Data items
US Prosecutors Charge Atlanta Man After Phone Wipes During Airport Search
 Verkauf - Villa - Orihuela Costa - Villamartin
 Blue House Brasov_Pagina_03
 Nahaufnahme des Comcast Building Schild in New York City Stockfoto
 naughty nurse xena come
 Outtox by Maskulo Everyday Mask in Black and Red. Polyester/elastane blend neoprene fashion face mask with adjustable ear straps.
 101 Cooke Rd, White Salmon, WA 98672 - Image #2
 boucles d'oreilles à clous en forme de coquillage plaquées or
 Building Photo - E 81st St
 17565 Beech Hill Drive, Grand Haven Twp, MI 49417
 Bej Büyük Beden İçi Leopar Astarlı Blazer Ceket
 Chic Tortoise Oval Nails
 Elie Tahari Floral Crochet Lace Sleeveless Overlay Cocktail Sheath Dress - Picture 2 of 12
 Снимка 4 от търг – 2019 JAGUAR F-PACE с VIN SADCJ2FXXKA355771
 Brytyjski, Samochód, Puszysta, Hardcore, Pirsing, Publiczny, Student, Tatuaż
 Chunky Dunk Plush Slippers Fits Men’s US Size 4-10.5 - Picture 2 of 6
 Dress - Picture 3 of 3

### YOUR OBJECTIVE:
Wherever the string "Building" occurs in the records, copy the line it is in.

### TASK SOLUTION:
 Nahaufnahme des Comcast Building Schild in New York City Stockfoto
 Building Photo - E 81st St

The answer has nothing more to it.